*** Data segment ***

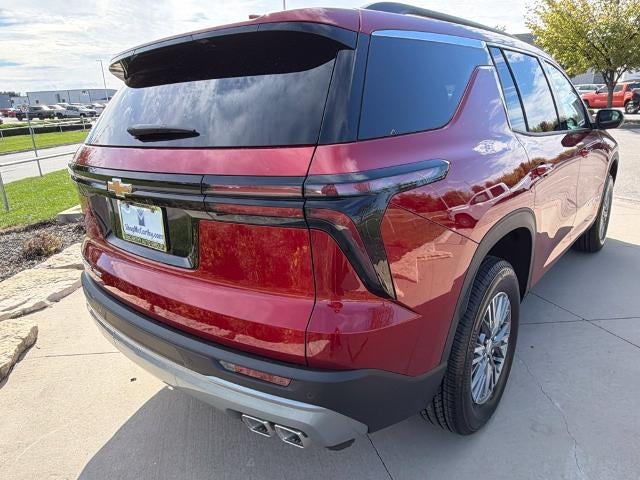 2027 Chevrolet Traverse LT w/2LT
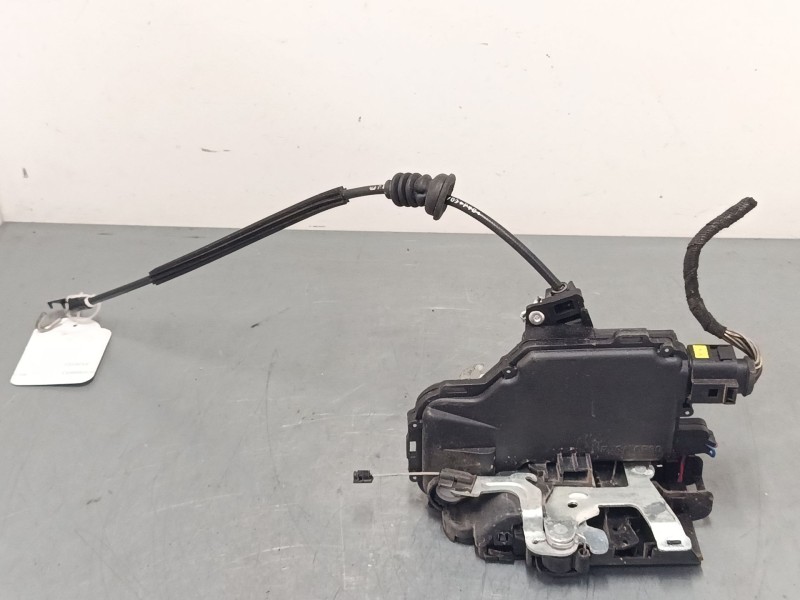 Recambio de cerradura puerta delantera derecha para volkswagen golf iv (1j1) 1.9 tdi referencia OEM IAM   
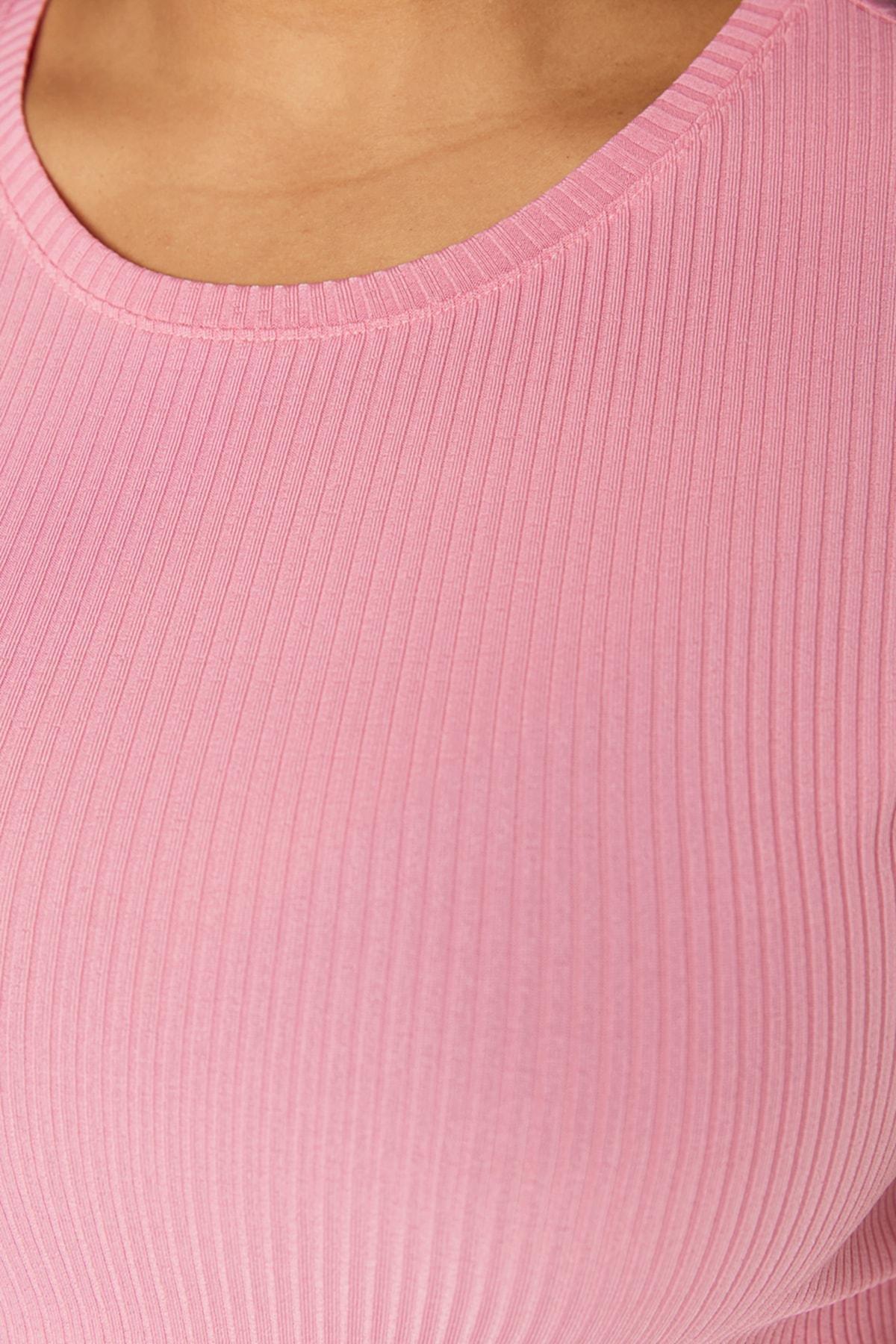 Pink Slim Plus Size Tshirt, , large image number 3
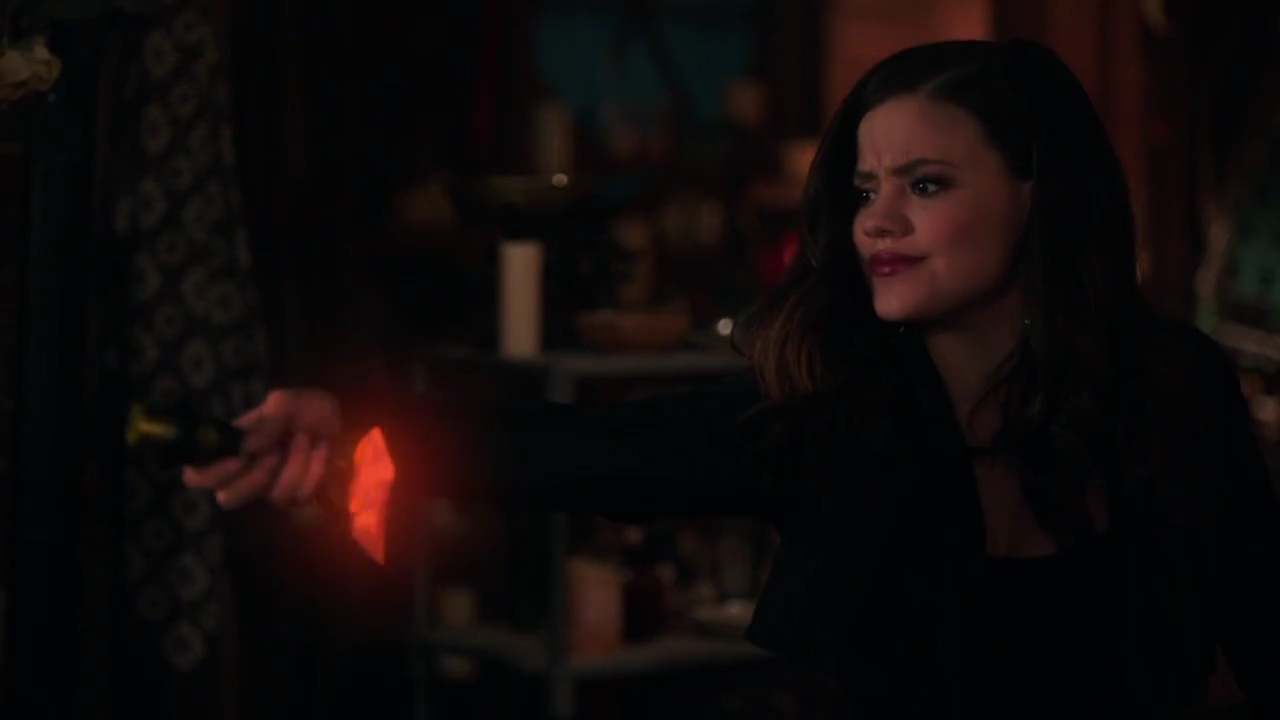 Charmed-Online-dot-nl_Charmed-1x07OutofScythe01488.jpg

***

Without the pictures, repeat exactly the lines running from the line containing "Recambio de cerradura" through the end of the data, both ends included.

Response
 Recambio de cerradura puerta delantera derecha para volkswagen golf iv (1j1) 1.9 tdi referencia OEM IAM   
 Pink Slim Plus Size Tshirt, , large image number 3
 Charmed-Online-dot-nl_Charmed-1x07OutofScythe01488.jpg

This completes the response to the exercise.